Yes, the authorities have declared war on idiomatic classics like “I’ll get you,” “watch it” and “Don’t make me come up there.”  All veiled threats.  Perceived implied meaning of potential danger. But wait, then there’s “kill.”

Saying any form of the word “kill” on public school property is contraband and when overheard, it is the duty of every responsible child and adult within “earshot” to run directly to the proper administrative authorities and anonymously report this violation.  Hard to be anonymous, though, when the proper authority’s the one handing the kid the complaint form.
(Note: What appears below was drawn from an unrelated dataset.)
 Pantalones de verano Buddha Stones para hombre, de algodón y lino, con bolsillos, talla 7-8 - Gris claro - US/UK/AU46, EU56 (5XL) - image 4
And it doesn’t matter that your child didn’t say the dastardly word, was daydreaming or oblivious of the violation, whatever it may be.  If she or he is in the group with the person who said or did the infraction d’jour, she or he is as good as guilty because she or he didn’t report the renegade word to the proper authority.  This is no joke.  The documentation cites the Secret Service’s “failure to act” credo as implied “permission to proceed.”  The Secret Service?  In the classroom?

Okay, so you spilled.  You turned in little Johnny for his pencil drawing of a rifle on lined notebook paper.  What’s the “upshot”?  A first warning to the entire little Johnny family.  But you must report the incident to an “appropriate” school official.  This is a principal, counselor, or mental health staffer.  Not the teacher.  This official will address the infraction and inform the family of the education policy.  Little Johnny’s parents  are then asked, “Do you have firearms in the home?”

Don’t let it happen again, though.  There is no second warning.  Just a write up and a search of your home by law enforcement.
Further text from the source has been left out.